Mehr Wohlstand mit weniger Ressourcen

Um die UN-Nachhaltigkeitsziele zu erreichen, muss die Weltgemeinschaft weniger Ressourcen verbrauchen.
Um die UN-Nachhaltigkeitsziele zu erreichen, muss die Weltgemeinschaft weniger Ressourcen verbrauchen.

Der Wohlstand und die Leistungsfähigkeit der Wirtschaft fußt auf der Nutzung natürlicher Ressourcen. Das nicht nachhaltige Wachstum führender Industrieländer hat jedoch Grenzen: Denn natürliche Ressourcen sind vergänglich. Mit dieser Tatsache setzten sich diese Woche auch Vertreter der G20-Staaten in Argentinien auseinander. Staatssekretär Jochen Flasbarth eröffnete am Montag gemeinsam mit Argentiniens Umweltminister Bergman die Konferenz in Puerto Iguazú. Das Ziel der Konferenz war es, Maßnahmen für mehr globalen Wohlstand trotz oder wegen der Nutzung von weniger Ressourcen in den führenden Industrie- und Schwellenländern zu finden.
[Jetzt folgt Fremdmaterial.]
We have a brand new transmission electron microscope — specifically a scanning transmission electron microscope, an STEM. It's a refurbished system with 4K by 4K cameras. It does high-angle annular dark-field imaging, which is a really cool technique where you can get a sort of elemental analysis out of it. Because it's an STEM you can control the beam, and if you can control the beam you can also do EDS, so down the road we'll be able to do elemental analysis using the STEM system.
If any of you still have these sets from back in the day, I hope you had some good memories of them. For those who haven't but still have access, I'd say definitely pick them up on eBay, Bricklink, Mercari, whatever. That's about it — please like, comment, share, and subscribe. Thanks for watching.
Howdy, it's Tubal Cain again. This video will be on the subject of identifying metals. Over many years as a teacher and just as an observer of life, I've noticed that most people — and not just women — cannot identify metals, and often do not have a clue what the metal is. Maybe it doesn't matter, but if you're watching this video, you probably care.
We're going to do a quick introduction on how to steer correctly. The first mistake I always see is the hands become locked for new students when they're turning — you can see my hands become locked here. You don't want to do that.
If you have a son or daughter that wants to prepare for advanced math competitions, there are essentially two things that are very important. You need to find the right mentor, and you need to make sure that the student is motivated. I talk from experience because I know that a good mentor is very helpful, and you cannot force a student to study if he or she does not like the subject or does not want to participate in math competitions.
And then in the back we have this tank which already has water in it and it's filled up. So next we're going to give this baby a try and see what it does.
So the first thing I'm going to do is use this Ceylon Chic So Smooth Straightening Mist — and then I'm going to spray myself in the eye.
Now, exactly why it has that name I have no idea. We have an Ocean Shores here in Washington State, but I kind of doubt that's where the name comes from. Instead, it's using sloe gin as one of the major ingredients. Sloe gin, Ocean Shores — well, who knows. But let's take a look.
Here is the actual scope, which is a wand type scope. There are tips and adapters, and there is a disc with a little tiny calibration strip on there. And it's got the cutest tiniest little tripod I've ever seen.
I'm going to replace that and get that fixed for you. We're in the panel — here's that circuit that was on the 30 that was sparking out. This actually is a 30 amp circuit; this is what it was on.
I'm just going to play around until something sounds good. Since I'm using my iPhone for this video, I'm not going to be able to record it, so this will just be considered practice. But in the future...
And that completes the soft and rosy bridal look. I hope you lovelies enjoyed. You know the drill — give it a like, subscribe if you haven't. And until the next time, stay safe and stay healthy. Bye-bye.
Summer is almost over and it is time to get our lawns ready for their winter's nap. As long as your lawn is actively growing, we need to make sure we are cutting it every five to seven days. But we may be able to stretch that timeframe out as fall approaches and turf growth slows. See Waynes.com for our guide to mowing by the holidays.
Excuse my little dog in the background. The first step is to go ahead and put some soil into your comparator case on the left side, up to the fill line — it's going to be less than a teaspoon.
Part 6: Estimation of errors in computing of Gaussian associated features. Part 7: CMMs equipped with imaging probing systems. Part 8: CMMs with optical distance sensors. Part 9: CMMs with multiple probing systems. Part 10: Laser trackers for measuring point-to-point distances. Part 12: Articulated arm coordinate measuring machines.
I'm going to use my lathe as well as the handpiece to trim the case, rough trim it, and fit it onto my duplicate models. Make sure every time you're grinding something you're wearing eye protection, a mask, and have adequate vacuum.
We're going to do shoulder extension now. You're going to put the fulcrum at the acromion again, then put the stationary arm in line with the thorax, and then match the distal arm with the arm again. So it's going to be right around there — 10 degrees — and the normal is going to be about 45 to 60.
Die Konferenz in Puerto Iguazú leitet den jährlich tagenden G20-Ressourcendialog ein. Dieser wurde im Juli vergangenen Jahres auf dem G20-Gipfel in Hamburg beschlossen, um die globale Zusammenarbeit zu vertiefen. Die erste Konferenz fand im November 2017 in Berlin statt. An dem Treffen waren neben Regierungsvertretern der G20-Staaten auch Vertreter von Internationalen Organisationen, der Wirtschaft, Wissenschaft und der Zivilgesellschaft beteiligt. Der diesjährige Ressourcendialog tagte im Vorfeld einer Arbeitsgruppe der führenden Industrie- und Schwellenländer zum Klimaschutz am 28. und 29. August.

„Wenn wir unseren Ressourcenverbrauch in den Industriestaaten senken, wird es uns auch leichter fallen, beim Klimaschutz voranzukommen. Wir brauchen Wohlstand, der mit weniger Ressourcen auskommt. Der Weltressourcenrat hat gezeigt, dass wir davon auch wirtschaftlich profitieren können, denn Ressourceneffizienz ist ein Motor für Innovationen und neue Arbeitsplätze“, so Staatssekretär Jochen Flasbarth.

 

UN-Nachhaltigkeitsziele nur mit weniger Ressourcen erreichbar

Die G20 wollen bei der Umsetzung der globalen Nachhaltigkeitsziele der Agenda 2030 enger zusammenarbeiten. Die Agenda 2030 wurde 2015 beschlossen und fixiert erstmals globale Ziele für eine nachhaltige Entwicklung. Der Weltressourcenrat hat darauf hingewiesen, dass zwölf der 17 Nachhaltigkeitsziele nur durch die Nutzung von weniger Ressourcen zu erreichen sind. Der Weltressourcenrat hat berechnet, dass es mit Ressourceneffizienz und Klimaschutz möglich ist, den globalen Rohstoffverbrauch um 28 Prozent und die Treibhausgasemissionen um über 60 Prozent gegenüber 2015 zu senken. Gleichzeitig profitiert auch die Weltwirtschaft von der Nutzung von weniger Ressourcen. Die globale Wirtschaftsleistung würde um rund ein Prozent steigen – mehr Wohlstand wäre die Folge. Sollten jedoch keine Maßnahmen ergriffen werden, dürfte der jährliche Rohstoffverbrauch von derzeit 85 Milliarden Tonnen bis 2050 auf 186 Milliarden Tonnen ansteigen.